Watching "Body of War"

I'm halfway through "Body of War" on the Sundance Channel, and it's a heart breaker, worth the time to watch it. If you don't get Sundance, and you can't find a copy, you can purchase it online (if you purchase it from Pearl, and 25 percent of the DVD sale will go to Tom Young, the injured vet who is the focus of the film).

I've got to say that the care with which this is handled is amazing. There's sensitivity and there's even some humor that comes through from those involved. What's most impressive - and distressing - is how elegantly and succinctly group-think worked in regards to the Iraq war. One of the amazing things about the documentary process is the moment where editing shows you just how pervasive the rhetoric was: the President, then senators, then us, repeating the same phrases as though saying them enough, loud enough could make them true.

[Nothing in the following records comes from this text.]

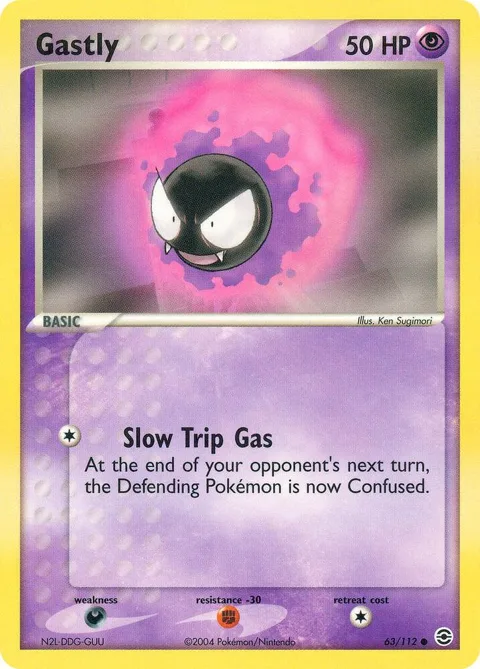 Gastly #63/112 Pokémon card from EX FireRed & LeafGreen
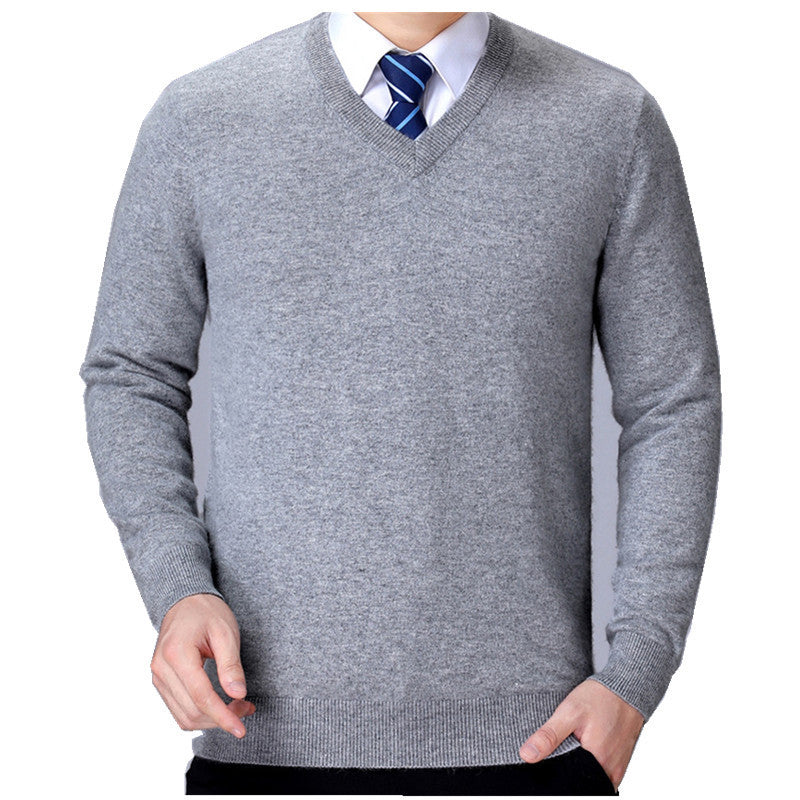 Herren V-Ausschnitt Strickpullover aus weichem Baumwollmix Echoarchiv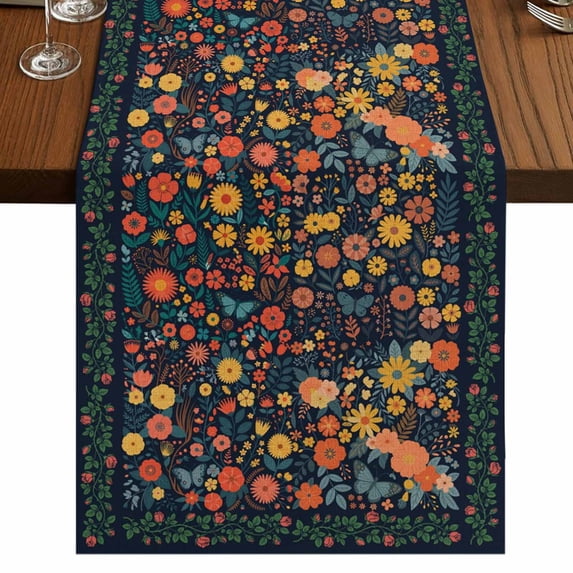 Table Runners 72 Inches Long Dress Scarves, Boho Flowers Farmhouse Kitchen/Dining Table Runner, Coffee Tablerunners, Spring Abstract Watercolor Floral Leaf 18x72 Inch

There's an image that was just shown of a widow keeping watch over the body of her husband the night before his funeral, and it brought tears to my eyes. It's followed by the voice over of the President joking at a press dinner about not being able to find weapons of mass destruction. And then the realization that those who made the call were insulated from its effects.

It's distressing to see just how many times the question "What will it cost?" is asked, and how often the full range of what a war might cost - the costs beyond dollars and cents - was never even part of the discussion.

I won't tell you much more about it, but I do strongly encourage you to give it a viewing.